Joshua Payne-Elliott, who had been a world language and social studies teacher at Cathedral High School, claimed the Indianapolis archdiocese illegally interfered with his job.
A trial court had initially ruled that the lawsuit could move forward, but the Indiana Supreme Court sent the case back down and authorized the trial court to reconsider.
Luke Goodrich, vice president and senior counsel at Becket, the religious liberty law firm representing the archdiocese, said after the trial court’s dismissal that “the government can’t punish the Catholic Church for asking Catholic educators to support Catholic teaching.”
“This has always been a very simple case,” he added, “because the Supreme Court has repeatedly affirmed the freedom of religious schools to choose teachers who support their religious faith.”
School officials announced in 2019 that it had rescinded the teacher’s contract based on the contract’s morality clause but according to the lawsuit, when the school renewed Payne-Elliott’s annual teaching contract, it did not include the morality clause that a same-sex marriage would violate.
The Indianapolis Star daily newspaper said Lance Hamner, a new trial court judge assigned to the court case, dismissed it, citing two trial court rules but without any other explanation.
“The decision itself offers no reason, no rationale, no basis. We have no way to know how the judge got to the decision,” Kathleen DeLaney, the attorney representing Payne-Elliott, told the newspaper. She also said the teacher is considering appealing the decision.
In 2019, the U.S. Department of Justice filed a “statement of interest” in the lawsuit brought against the Archdiocese of Indianapolis by Payne-Elliott. It urged the Indiana court to stay out “of deciding what it means to be Catholic.”
“The First Amendment demands that this lawsuit be dismissed,” it added.

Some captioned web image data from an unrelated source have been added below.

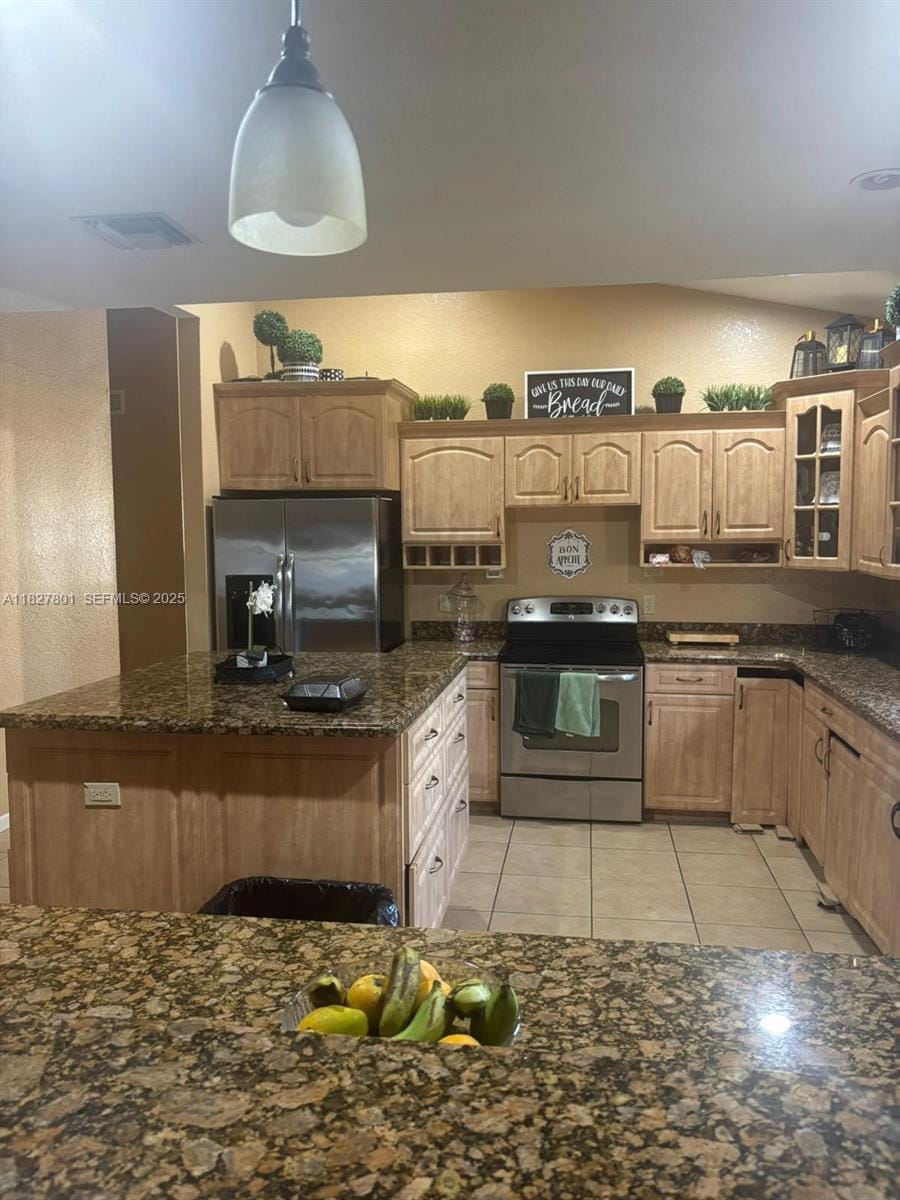330 N Deerfield Avenue, Deerfield Beach, FL 33441 photo 17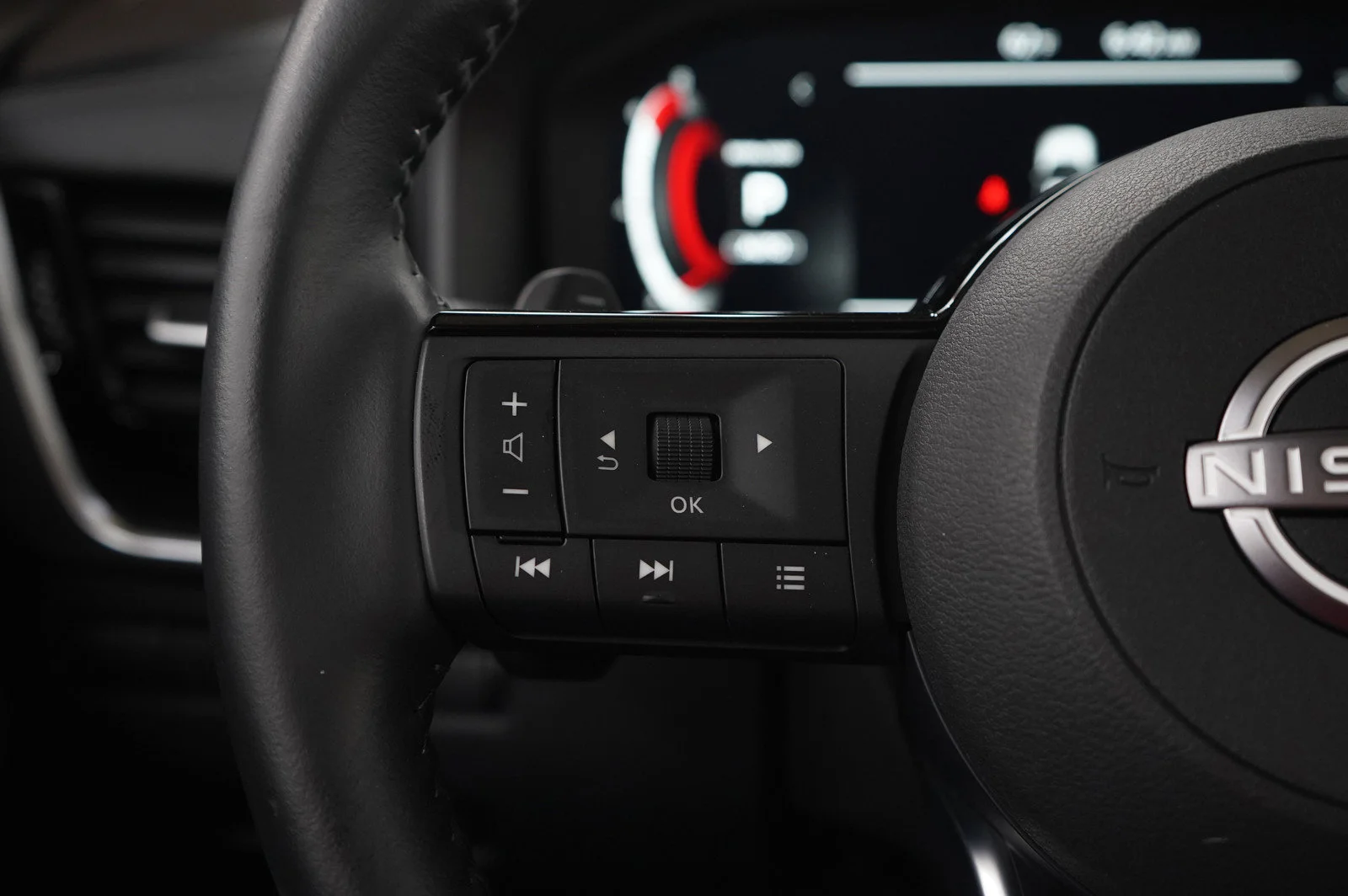 Used 2023 Scarlet Ember Tintcoat Nissan Platinum image 28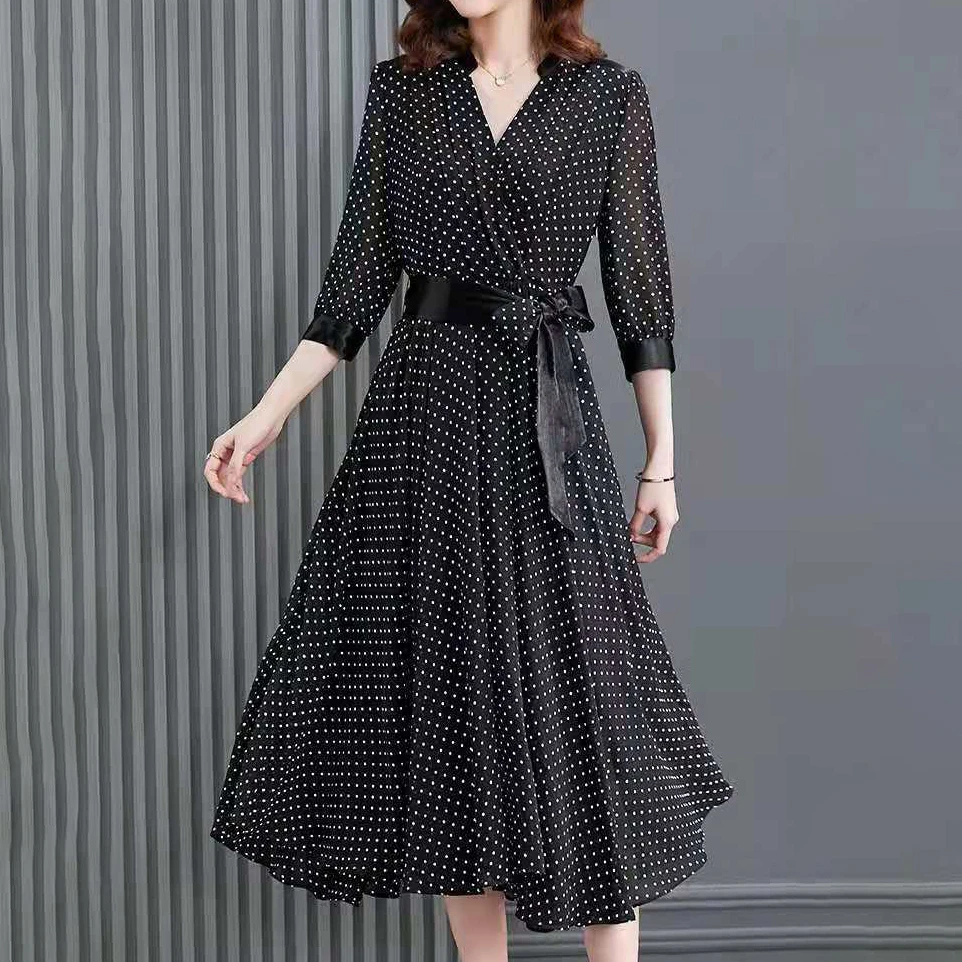 2021 new summer black chiffon long v-neck high-end women's dress Casual Lace Lace Summer harajuku dress
2021 new summer black chiffon long v-neck high-end women's dress Casual Lace Lace Summer harajuku dress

Two years ago, officials at Cathedral High School, which is affiliated with but not sponsored by the Holy Cross Brothers, explained in a letter to the school community that they had made the “agonizing decision” to follow the direct guidance they had been given by Indianapolis Archbishop Charles C. Thompson and “separate from the teacher” after 22 months of “earnest discussion and extensive dialogue with the Archdiocese of Indianapolis about Cathedral’s continued Catholic identity.”
School officials said they made this decision “in order to remain a Catholic Holy Cross School.”

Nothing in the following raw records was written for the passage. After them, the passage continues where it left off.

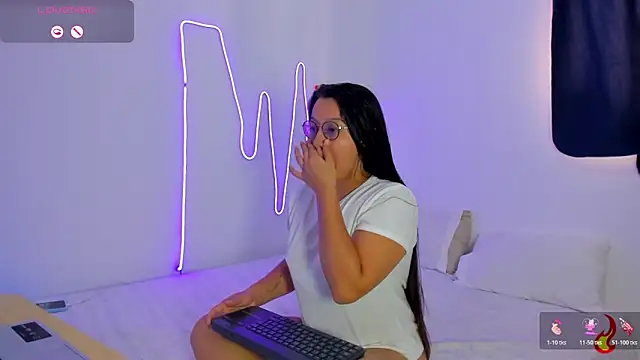 Dilan and Mia online show from June 19, 2026, 2:21 pm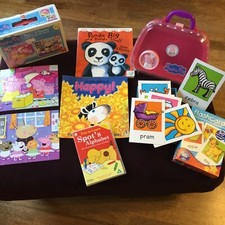 PEPPA PIG  STORAGE CASE &PUZZLES X2, FLASH CARDS, SPOTS ALPHABET DVD,BOOKS 3YRS+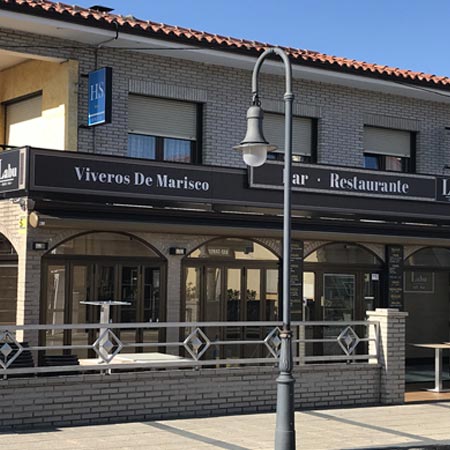 Limpieza en cerámica en el club de Remo de Lekeitio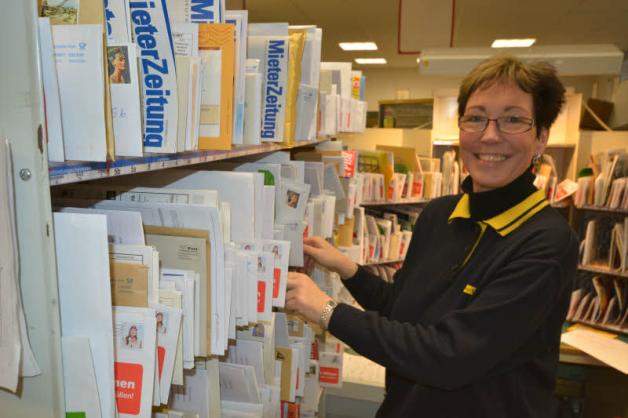 Die Güstrowerin Monika Schleidgen arbeitet seit 30 Jahren bei der Post. Der Mehraufwand zu Weihnachten kann sie nicht mehr schocken. 
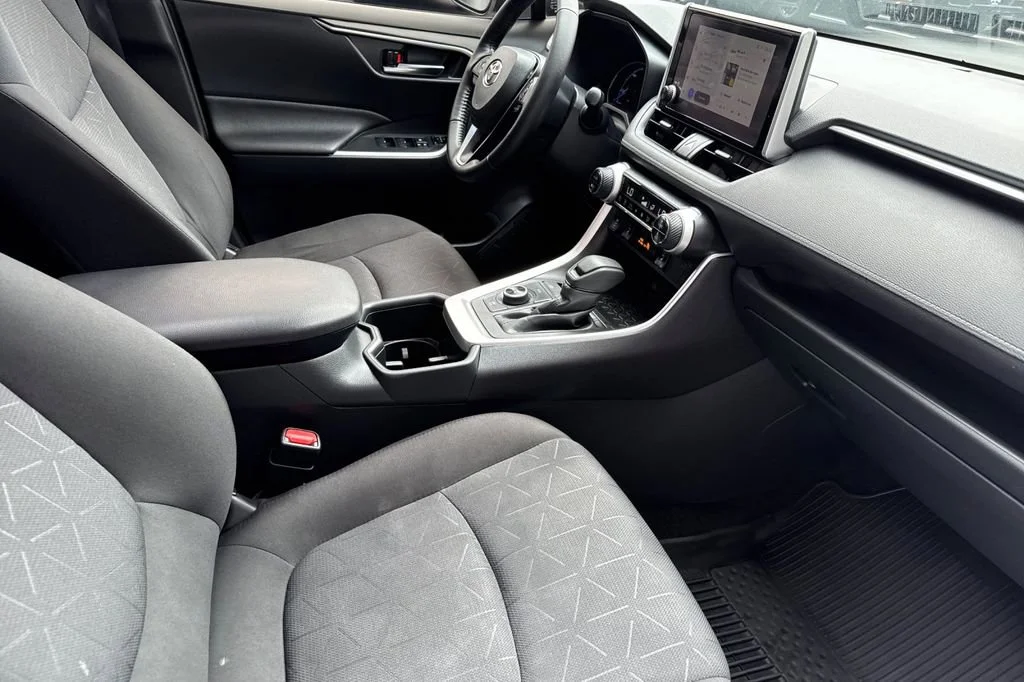 2025 Toyota RAV4 XLE - Photo 16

The letter, signed by the high school’s president and chairman of the board of directors, said if they had not made this decision, Archbishop Thompson had “made it clear that Cathedral’s continued employment of a teacher in a public, same-sex marriage would result in our forfeiting our Catholic identity due to our employment of an individual living in contradiction to Catholic teaching on marriage.”
Days before Cathedral High School fired Payne-Elliott, Archbishop Thompson took away the Catholic status of Brebeuf Jesuit Preparatory School in Indianapolis when the school refused to dismiss a gay employee in a same-sex marriage, Layton Payne-Elliott, the spouse of Joshua Payne-Elliott.
In a news conference after the two decisions were announced, Archbishop Thompson said the issue involving the two schools came down to the Catholic Church’s teaching on marriage.
While stressing that “one’s (sexual) orientation is not a sin,” the archbishop said the issue involving the two schools “is about public witness of Church teaching on the dignity of marriage as (between) one man and one woman. That is our Church teaching.”
“In this particular case we’re dealing with, those are ministers in our Church. Teachers, guidance counselors, other leaders, leaders of the schools and other leaders in the archdiocese are bound to live out these principles,” he said.
In 2019, the Midwest province of the Society of Jesus, which administers Brebeuf, appealed the decree taking away the school’s Catholic status to the Vatican Congregation for Catholic Education. In late September of that year, the congregation announced it was temporarily lifting the decree until it makes a final decision. A final decision has not yet been announced.